Background: Despite the touted potential of artificial intelligence (AI) and machine learning (ML) to revolutionize health care, clinical decision support tools, herein referred to as medical modeling software (MMS), have yet to realize the anticipated benefits. One proposed obstacle is the acknowledged gaps in AI translation. These gaps stem partly from the fragmentation of processes and resources to support MMS transparent documentation. Consequently, the absence of transparent reporting hinders the provision of evidence to support the implementation of MMS in clinical practice, thereby serving as a substantial barrier to the successful translation of software from research settings to clinical practice.

Objective: This study aimed to scope the current landscape of AI- and ML-based MMS documentation practices and elucidate the function of documentation in facilitating the translation of ethical and explainable MMS into clinical workflows.

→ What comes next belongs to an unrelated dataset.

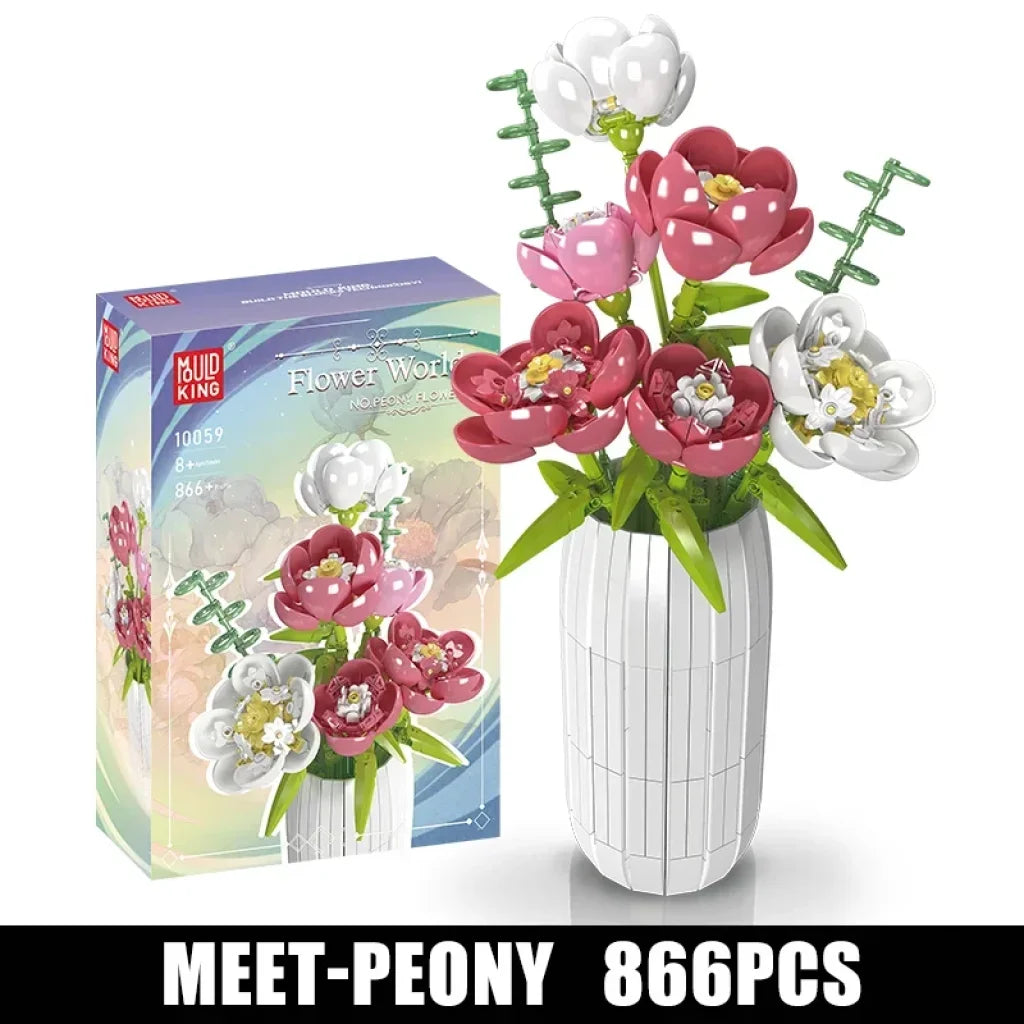 44765025566941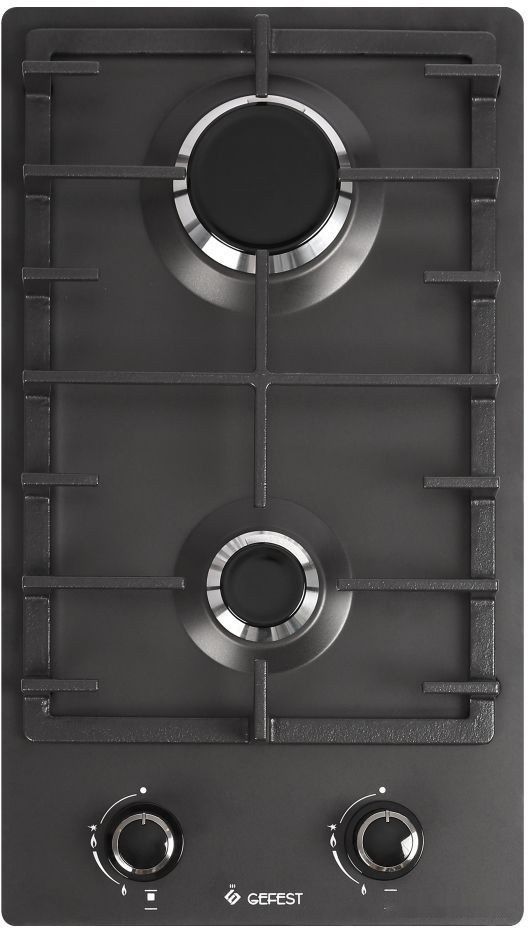 Варочная панель Gefest ПВГ 1003 К2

Methods: A scoping review was conducted in accordance with PRISMA-ScR (Preferred Reporting Items for Systematic Reviews and Meta-Analyses extension for Scoping Reviews) guidelines. PubMed was searched using Medical Subject Headings key concepts of AI, ML, ethical considerations, and explainability to identify publications detailing AI- and ML-based MMS documentation, in addition to snowball sampling of selected reference lists. To include the possibility of implicit documentation practices not explicitly labeled as such, we did not use documentation as a key concept but as an inclusion criterion. A 2-stage screening process (title and abstract screening and full-text review) was conducted by 1 author. A data extraction template was used to record publication-related information; barriers to developing ethical and explainable MMS; available standards, regulations, frameworks, or governance strategies related to documentation; and recommendations for documentation for papers that met the inclusion criteria.

Results: Of the 115 papers retrieved, 21 (18.3%) papers met the requirements for inclusion. Ethics and explainability were investigated in the context of AI- and ML-based MMS documentation and translation. Data detailing the current state and challenges and recommendations for future studies were synthesized. Notable themes defining the current state and challenges that required thorough review included bias, accountability, governance, and explainability. Recommendations identified in the literature to address present barriers call for a proactive evaluation of MMS, multidisciplinary collaboration, adherence to investigation and validation protocols, transparency and traceability requirements, and guiding standards and frameworks that enhance documentation efforts and support the translation of AI- and ML-based MMS.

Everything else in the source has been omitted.